*** EXERCISE INPUTS ***

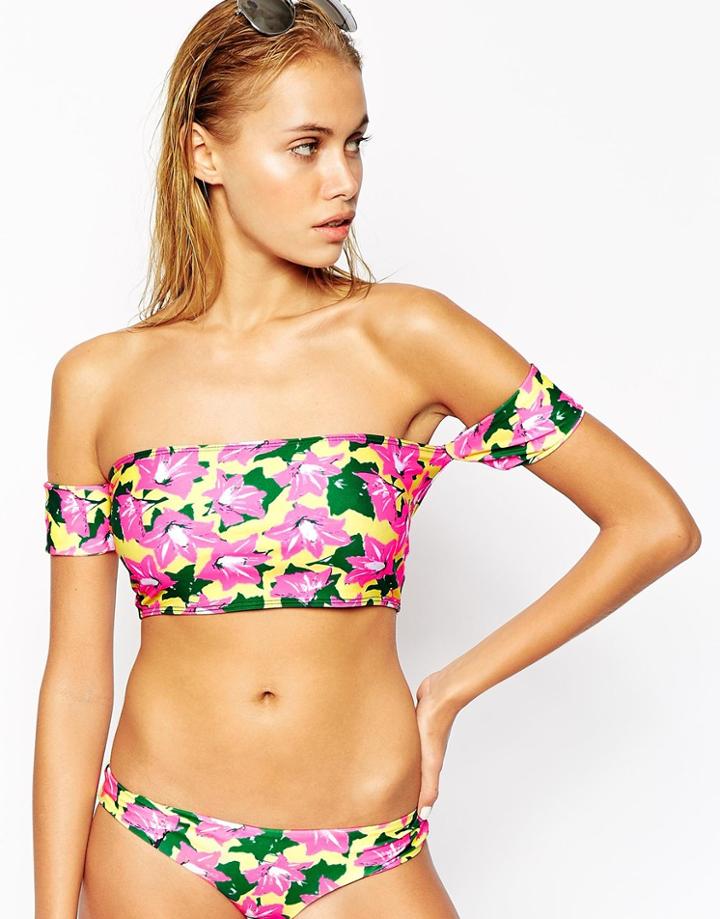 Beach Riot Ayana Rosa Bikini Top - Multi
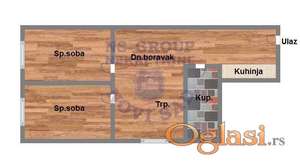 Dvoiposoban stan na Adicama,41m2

***
*** EXERCISE INPUTS ***

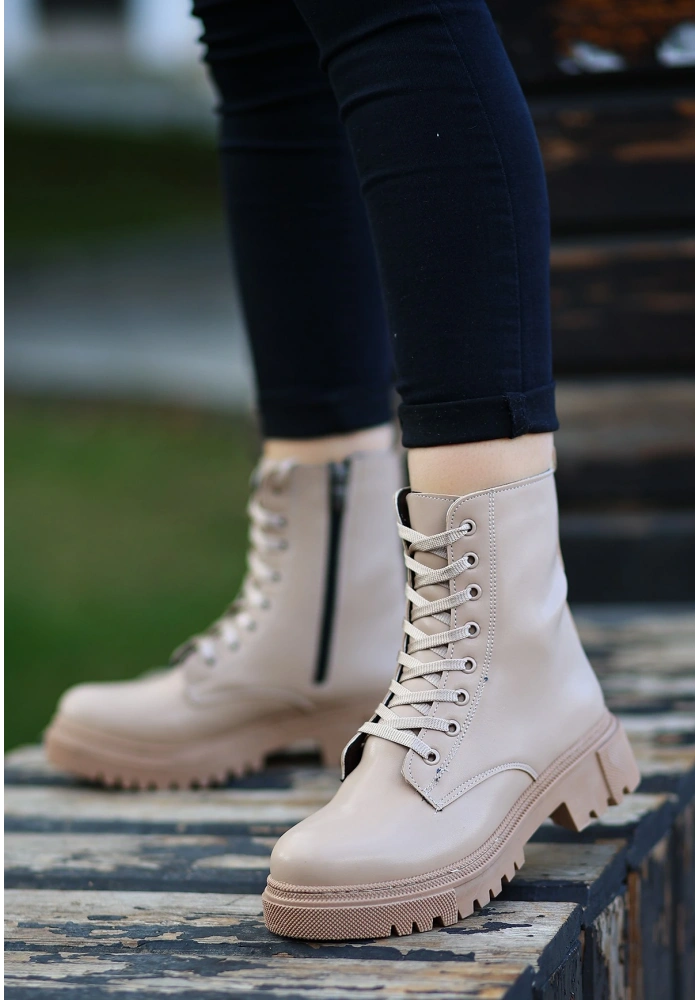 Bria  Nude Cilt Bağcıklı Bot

***

# PROBLEM:
The lines above from the line with "Beach Riot Ayana Rosa Bikini Top - Multi" through the line with "Dvoiposoban stan na Adicama,41m2" are to be given again word for word, with no pictures among them.

# SOLUTION TO THE EXERCISE:
 Beach Riot Ayana Rosa Bikini Top - Multi
 Dvoiposoban stan na Adicama,41m2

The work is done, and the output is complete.